Huffman replaces the input symbols with bitstreams of varying lengths. During the first part of the algorithm a table of frequencies is created, which contains all symbols in the input. In our case, a symbol is either a literal or a pointer. The next step is creating the coding by assigning a bitstream for each symbol, where the most frequent symbols are assigned a smaller bitstream compared to the more rare. The coding is prefix free, meaning that any small bitstream a cannot be the prefix of a larger bistream b. The output is then generated by replacing the input symbols with the bitstreams assigned on the first step. The final output contains both the table of the symbol and bitstream assignments and the compressed output.

The Huffman problem

Let's now consider a minimal testcase of compression. Say we have the plaintext "abcab" and we can append a string of our choice to it. Our goal is to recognize that the character "c" follows the first occurence of "ab". Now, we could try the characters "a", "b", "c" and see which one results in smaller compressed output. This is a correct first step, since we assume that LZ77 will compress better with the correct character. Indeed, the LZ77 output would be "abcaba", "abcabb" and "abc(3,3)" respectively, where (3,3) is a pointer.
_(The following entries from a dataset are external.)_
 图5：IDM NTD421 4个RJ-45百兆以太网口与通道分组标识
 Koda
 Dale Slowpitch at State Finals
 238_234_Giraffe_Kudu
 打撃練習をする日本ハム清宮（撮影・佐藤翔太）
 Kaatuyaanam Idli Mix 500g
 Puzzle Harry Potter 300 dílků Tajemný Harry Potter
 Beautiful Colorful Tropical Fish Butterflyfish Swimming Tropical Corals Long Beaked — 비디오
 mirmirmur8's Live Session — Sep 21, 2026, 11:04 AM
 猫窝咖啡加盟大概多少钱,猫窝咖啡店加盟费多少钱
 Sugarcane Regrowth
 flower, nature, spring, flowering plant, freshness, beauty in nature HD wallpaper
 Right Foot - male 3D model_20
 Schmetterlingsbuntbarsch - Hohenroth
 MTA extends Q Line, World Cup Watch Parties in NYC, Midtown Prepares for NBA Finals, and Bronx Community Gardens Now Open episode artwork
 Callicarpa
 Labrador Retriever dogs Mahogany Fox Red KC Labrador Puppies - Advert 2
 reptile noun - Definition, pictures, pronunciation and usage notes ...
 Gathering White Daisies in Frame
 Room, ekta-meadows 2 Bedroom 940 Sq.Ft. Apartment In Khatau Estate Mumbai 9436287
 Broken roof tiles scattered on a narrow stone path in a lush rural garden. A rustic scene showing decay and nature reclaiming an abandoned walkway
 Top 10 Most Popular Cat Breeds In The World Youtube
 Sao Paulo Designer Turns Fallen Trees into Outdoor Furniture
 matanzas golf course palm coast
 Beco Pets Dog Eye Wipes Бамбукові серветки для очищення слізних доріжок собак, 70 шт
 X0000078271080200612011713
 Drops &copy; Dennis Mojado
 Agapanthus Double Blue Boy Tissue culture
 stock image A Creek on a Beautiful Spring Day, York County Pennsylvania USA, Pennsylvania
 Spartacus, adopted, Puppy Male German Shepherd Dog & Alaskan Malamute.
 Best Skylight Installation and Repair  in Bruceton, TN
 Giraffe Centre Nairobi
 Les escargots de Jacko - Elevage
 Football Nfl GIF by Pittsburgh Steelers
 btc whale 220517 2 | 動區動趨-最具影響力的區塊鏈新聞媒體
However, Huffman then gets into action. In the first case we have 3 "a", 2 "b" and 1 "c". In the second case we have 2 "a", 3 "b" and 1 "c". In the third case we have 1 "a", 1 "b", 1 "c" and 1 (3,3). The above are gathered in the following table for better display. It is obvious that the Huffman coding will vary in all cases and as a result the final output is unpredictable, as either of the two wrong characters ("a" and "b") may result in better Huffman compression compared to "c".

  • abcaba → 3xa 2xb 1xc
  • abcabb → 2xa 3xb 1xc
  • abc(3,3) → 1xa 1xb 1xc 1x(3,3)

So, the basic problem is that by trying different characters we change the letter frequency for the Huffman coding. The solution that we have used up till now is the Huffman pool. When using this method, we try the strings "a^b^c", "b^a^c", "c^a^b" instead of "a", "b", "c". The results now are shown in the table below. These results are more optimistic, since the wrong characters demonstrate the same letter frequency and only the correct one results in largely different symbol frequencies for the Huffman coding.

  • abcaba^b^c → 3xa 3xb 2xc 2x^
  • abcabb^a^c → 3xa 3xb 2xc 2x^
  • abc(3,3)^a^b → 2xa 2xb 1xc 2x^ 1x(3,3)

A better result, but still not ideal, occurs for a known prefix larger than 2 characters, such as with the plaintext "abcdabc":

  • abcd(4,3)a^b^c^d → 2xa 2xb 2xc 2xd 3x^ 1x(4,3)
  • abcd(4,3)b^a^c^d → 2xa 2xb 2xc 2xd 3x^ 1x(4,3)
  • abcd(4,3)c^a^b^d → 2xa 2xb 2xc 2xd 3x^ 1x(4,3)
  • abcd(4,4)^a^b^c → 2xa 2xb 2xc 1xd 3x^ 1x(4,4)

However, the fundamental problem still exists. The fact that the correct character results in different Huffman coding may again result in unpredictable output lengths, since the Huffman algorithm may hide the LZ77 advantage that the correct candidate earns. We have managed to get the same Huffman coding for all wrong characters, so in many cases we can assume that the one character that does not follow the herd, i.e. the compressed text is larger or smaller that all the others, is the correct one. There can be cases though when the Huffman difference for the wrong characters is exactly the LZ77 one character advantage for the correct one. Can we do better?